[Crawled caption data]
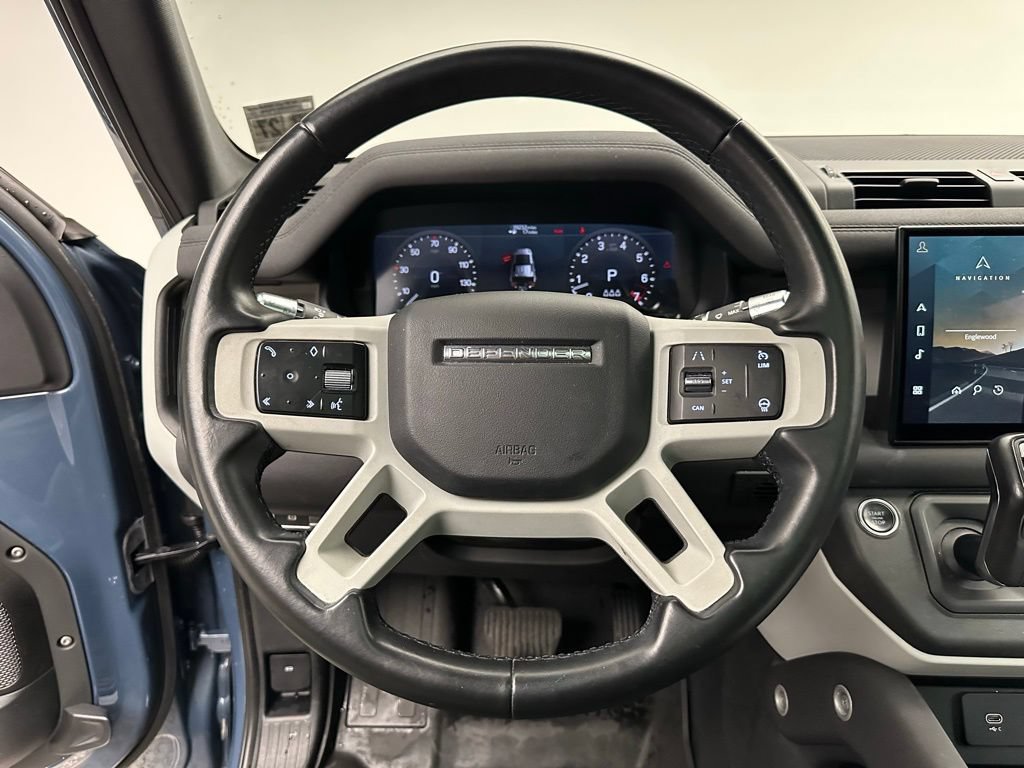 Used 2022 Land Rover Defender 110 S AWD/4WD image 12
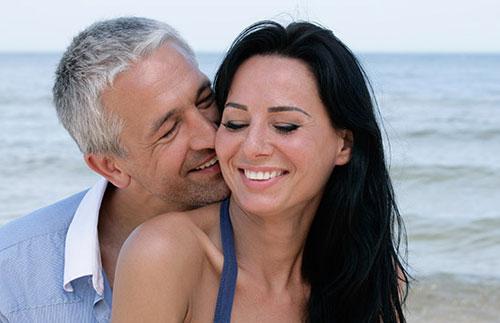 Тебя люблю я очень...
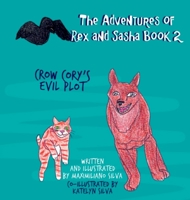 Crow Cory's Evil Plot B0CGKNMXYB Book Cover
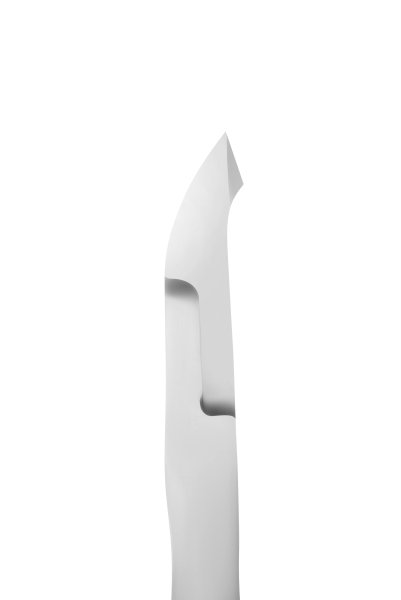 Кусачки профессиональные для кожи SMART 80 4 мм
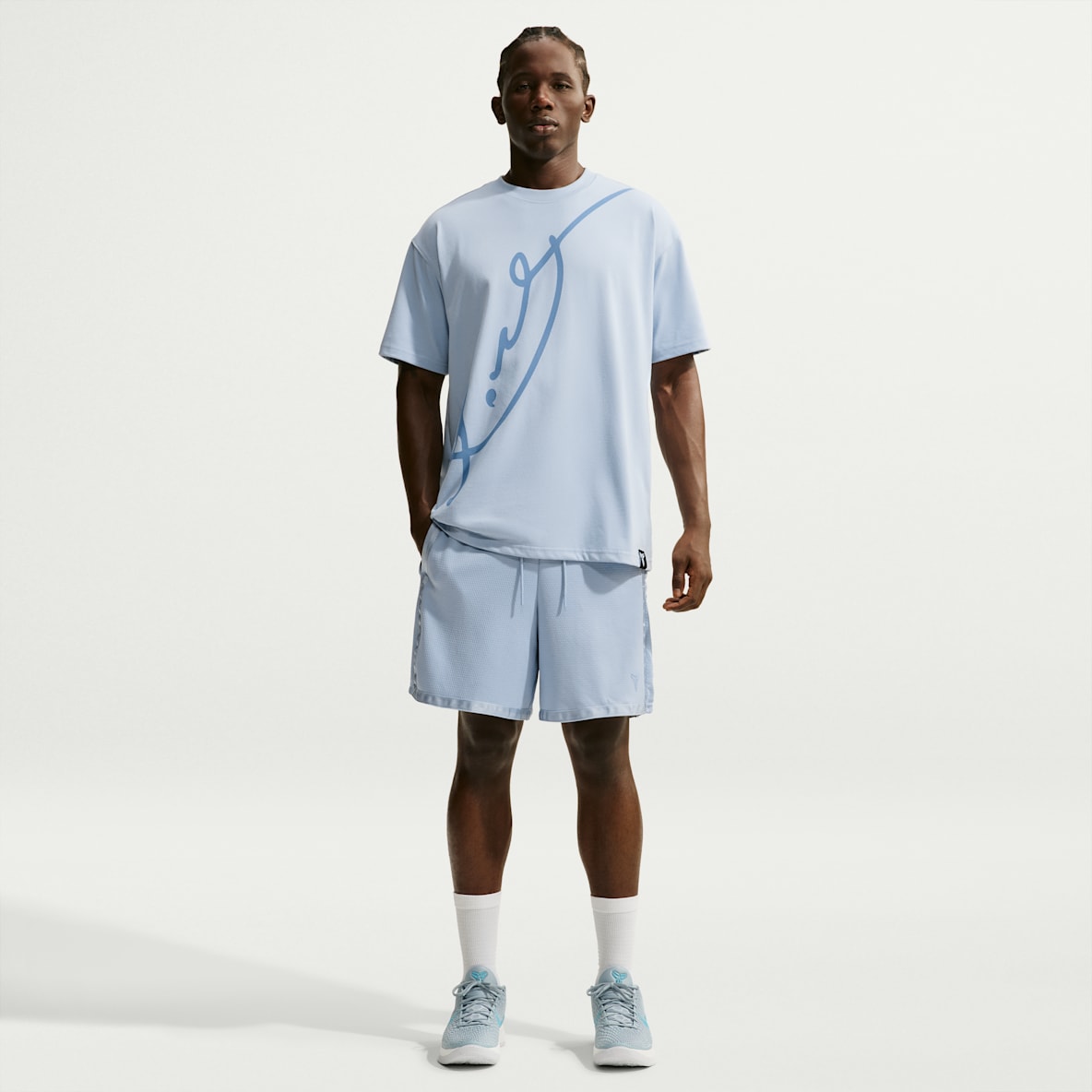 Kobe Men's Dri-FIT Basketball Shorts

# [PROBLEM TO SOLVE]
Your copy should be the entries retyped exactly, with no images in it.

# [ANSWER AREA]
 Used 2022 Land Rover Defender 110 S AWD/4WD image 12
 Тебя люблю я очень...
 Crow Cory's Evil Plot B0CGKNMXYB Book Cover
 Кусачки профессиональные для кожи SMART 80 4 мм
 Kobe Men's Dri-FIT Basketball Shorts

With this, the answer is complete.